Nginx access 日志通过 Filebeat 8.15.5 写入 Elasticsearch 8 实战指南

一、环境说明
二、部署步骤与深度解析
- 步骤1：创建Filebeat工作目录
- [步骤 2：下载并解压 Filebeat 安装包](#步骤 2：下载并解压 Filebeat 安装包)
- [步骤 3：filebeat.yml 核心配置文件](#步骤 3：filebeat.yml 核心配置文件)
- [步骤 4：校验配置文件语法与 ES 连接](#步骤 4：校验配置文件语法与 ES 连接)
- [步骤 5：迁移 Filebeat 到系统标准目录](#步骤 5：迁移 Filebeat 到系统标准目录)
- [步骤 6：创建 Systemd 服务](#步骤 6：创建 Systemd 服务)
- [步骤 7：启动服务并设置开机自启](#步骤 7：启动服务并设置开机自启)
三、常见问题与解决方案
- [配置校验报错 type mismatch accessing 'filebeat.inputs.0.file_identity'](#配置校验报错 type mismatch accessing 'filebeat.inputs.0.file_identity')
- [ES 写入失败 no matching index template found](#ES 写入失败 no matching index template found)
- [首次启动 CPU 飙升](#首次启动 CPU 飙升)
四、总结

在日志分析场景中，Nginx访问日志（access.log）包含了丰富的用户行为、请求性能等关键数据，将其高效采集并写入Elasticsearch（ES）是实现日志检索、分析与可视化的基础。
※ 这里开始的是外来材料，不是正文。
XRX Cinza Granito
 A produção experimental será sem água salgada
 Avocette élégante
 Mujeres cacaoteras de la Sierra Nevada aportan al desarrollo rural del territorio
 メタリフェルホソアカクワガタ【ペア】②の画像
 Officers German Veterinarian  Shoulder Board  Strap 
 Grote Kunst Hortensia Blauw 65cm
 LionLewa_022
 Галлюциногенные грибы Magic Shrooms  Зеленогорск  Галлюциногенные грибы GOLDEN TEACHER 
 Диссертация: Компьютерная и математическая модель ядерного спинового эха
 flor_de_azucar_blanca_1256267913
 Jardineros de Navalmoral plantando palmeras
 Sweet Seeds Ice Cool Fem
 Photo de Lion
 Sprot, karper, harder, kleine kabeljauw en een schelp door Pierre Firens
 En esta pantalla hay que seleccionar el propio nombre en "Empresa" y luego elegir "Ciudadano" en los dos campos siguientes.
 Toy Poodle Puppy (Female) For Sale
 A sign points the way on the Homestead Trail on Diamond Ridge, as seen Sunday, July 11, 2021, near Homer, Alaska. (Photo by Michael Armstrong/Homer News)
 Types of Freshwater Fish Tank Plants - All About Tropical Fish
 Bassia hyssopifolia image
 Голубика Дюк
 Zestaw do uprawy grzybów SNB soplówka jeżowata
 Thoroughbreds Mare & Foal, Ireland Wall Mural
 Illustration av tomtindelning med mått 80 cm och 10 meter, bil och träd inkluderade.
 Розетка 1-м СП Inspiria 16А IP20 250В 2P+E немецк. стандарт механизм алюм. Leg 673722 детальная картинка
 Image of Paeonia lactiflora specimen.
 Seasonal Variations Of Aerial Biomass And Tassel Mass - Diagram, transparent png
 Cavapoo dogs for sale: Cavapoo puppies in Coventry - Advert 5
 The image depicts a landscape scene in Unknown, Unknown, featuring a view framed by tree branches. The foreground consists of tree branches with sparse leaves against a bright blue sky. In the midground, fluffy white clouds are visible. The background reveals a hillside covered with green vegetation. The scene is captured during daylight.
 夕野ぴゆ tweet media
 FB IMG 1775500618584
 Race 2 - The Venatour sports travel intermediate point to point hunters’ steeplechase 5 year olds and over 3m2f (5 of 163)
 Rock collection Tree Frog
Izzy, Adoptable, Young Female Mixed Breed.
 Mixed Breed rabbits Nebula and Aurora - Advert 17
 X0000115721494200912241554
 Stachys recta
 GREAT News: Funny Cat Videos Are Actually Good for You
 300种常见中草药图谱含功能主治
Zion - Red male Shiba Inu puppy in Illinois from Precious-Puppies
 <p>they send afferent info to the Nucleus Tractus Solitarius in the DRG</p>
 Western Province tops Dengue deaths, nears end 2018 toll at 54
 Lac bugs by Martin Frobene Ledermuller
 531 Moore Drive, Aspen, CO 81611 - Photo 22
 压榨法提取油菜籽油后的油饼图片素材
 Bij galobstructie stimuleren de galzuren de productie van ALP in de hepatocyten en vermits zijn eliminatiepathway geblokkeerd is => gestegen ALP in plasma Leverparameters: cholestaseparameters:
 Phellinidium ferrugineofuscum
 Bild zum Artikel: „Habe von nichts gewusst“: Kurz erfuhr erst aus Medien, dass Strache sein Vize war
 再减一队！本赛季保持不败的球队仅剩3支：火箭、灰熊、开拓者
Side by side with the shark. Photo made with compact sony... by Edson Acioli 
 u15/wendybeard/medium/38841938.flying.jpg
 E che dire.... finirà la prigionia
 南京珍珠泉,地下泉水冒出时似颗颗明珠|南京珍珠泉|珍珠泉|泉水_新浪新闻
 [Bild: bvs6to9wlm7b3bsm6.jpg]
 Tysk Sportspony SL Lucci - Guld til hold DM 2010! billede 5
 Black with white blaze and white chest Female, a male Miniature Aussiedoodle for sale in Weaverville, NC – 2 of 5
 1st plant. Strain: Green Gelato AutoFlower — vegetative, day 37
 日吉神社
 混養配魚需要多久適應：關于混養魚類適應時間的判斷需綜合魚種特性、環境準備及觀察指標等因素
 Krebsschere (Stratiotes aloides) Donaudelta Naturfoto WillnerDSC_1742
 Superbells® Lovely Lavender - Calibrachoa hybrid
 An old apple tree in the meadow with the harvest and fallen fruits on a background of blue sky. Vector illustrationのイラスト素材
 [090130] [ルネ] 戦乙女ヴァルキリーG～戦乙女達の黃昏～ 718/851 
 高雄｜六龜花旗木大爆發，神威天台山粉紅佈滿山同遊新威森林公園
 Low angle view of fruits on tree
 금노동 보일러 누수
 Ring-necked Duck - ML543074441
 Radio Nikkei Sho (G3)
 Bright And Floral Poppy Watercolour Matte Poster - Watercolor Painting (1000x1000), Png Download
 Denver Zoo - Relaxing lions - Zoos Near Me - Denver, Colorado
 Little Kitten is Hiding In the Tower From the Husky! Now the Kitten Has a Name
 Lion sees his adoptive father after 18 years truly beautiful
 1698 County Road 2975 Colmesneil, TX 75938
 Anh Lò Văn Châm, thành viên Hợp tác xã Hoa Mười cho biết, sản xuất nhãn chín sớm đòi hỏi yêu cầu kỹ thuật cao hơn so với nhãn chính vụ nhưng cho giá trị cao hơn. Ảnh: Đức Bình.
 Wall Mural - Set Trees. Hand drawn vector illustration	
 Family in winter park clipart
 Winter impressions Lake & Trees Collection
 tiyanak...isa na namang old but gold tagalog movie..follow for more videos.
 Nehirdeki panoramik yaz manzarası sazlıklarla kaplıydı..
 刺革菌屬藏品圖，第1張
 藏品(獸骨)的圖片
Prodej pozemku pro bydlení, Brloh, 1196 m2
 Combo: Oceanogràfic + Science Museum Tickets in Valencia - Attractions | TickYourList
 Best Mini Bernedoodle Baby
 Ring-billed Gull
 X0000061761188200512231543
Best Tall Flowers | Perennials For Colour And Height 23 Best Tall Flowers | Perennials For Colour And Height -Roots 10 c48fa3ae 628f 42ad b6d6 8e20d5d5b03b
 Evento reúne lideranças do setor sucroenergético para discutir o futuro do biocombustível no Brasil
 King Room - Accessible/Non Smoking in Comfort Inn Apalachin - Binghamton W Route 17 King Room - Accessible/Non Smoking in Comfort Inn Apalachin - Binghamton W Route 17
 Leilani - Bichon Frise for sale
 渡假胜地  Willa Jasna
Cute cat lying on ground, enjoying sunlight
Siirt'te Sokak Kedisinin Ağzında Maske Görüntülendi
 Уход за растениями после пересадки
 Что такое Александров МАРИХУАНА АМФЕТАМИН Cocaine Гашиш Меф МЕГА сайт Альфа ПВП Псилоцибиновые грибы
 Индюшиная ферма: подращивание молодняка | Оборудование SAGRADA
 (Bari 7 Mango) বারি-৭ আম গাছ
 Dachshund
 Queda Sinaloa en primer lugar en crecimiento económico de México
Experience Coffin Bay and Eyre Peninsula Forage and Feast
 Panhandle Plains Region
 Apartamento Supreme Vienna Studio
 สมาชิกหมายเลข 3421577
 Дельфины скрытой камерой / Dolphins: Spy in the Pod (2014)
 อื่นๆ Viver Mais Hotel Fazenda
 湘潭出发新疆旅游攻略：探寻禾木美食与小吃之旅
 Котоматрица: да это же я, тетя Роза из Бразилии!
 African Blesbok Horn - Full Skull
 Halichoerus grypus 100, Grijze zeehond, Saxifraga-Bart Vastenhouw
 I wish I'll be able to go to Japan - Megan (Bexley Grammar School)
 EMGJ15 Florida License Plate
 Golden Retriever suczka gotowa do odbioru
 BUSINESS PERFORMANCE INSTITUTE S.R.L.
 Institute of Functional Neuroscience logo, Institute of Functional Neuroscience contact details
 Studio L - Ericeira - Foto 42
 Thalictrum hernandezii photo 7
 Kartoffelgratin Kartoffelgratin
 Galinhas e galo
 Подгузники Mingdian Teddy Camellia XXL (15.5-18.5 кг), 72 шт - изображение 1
本文基于Filebeat 8.15.5和ES 8环境，结合实际部署经验，详细拆解从环境准备到服务上线的完整流程，同时解答部署过程中常见的坑点与解决方案。

一、环境说明

操作系统：Rocky Linux（兼容CentOS、RHEL等主流Linux发行版）
核心组件版本：Filebeat 8.15.5、Elasticsearch 8.x
日志源：Nginx/OpenResty访问日志（双路径：/mnt/data/openresty2/nginx/logs/access.log 和 /mnt/data/openresty/nginx/logs/access.log）
ES配置：地址 http://1.2.3.4:5678，索引格式 nginx_%{+yyyyMMdd}，预处理管道 pipeline-nginx-plaintext

二、部署步骤与深度解析

步骤1：创建Filebeat工作目录

bash 复制代码

cd /mnt/data
mkdir filebeat-es
cd filebeat-es/

解析：

工作目录选择 /mnt/data：通常 /mnt 目录用于挂载数据盘，存储空间充足，适合存放 Filebeat 安装包、配置文件及临时数据，避免因系统盘空间不足导致服务异常，后续的filebeat日志也在这个地方存储，以便于排查错误。

独立目录 filebeat-es：便于统一管理 Filebeat 相关文件，后续迁移、升级时更高效，也能与其他应用目录区分，提升系统整洁度。

步骤 2：下载并解压 Filebeat 安装包

bash 复制代码

# 下载filbeat 到/mnt/data/filebeat-es
# 下载地址：https://www.elastic.co/downloads/past-releases/filebeat-8-15-5
tar -zxvf filebeat-8.15.5-linux-x86_64.tar.gz -C ./
mv filebeat-8.15.5-linux-x86_64 filebeat-es
cd filebeat-es/

解析：

解压参数说明：tar -zxvf 中，z 表示解压 gz 压缩包，x 表示提取文件，v 显示解压过程，f 指定目标文件；-C ./ 表示将文件解压到当前目录，避免文件混乱。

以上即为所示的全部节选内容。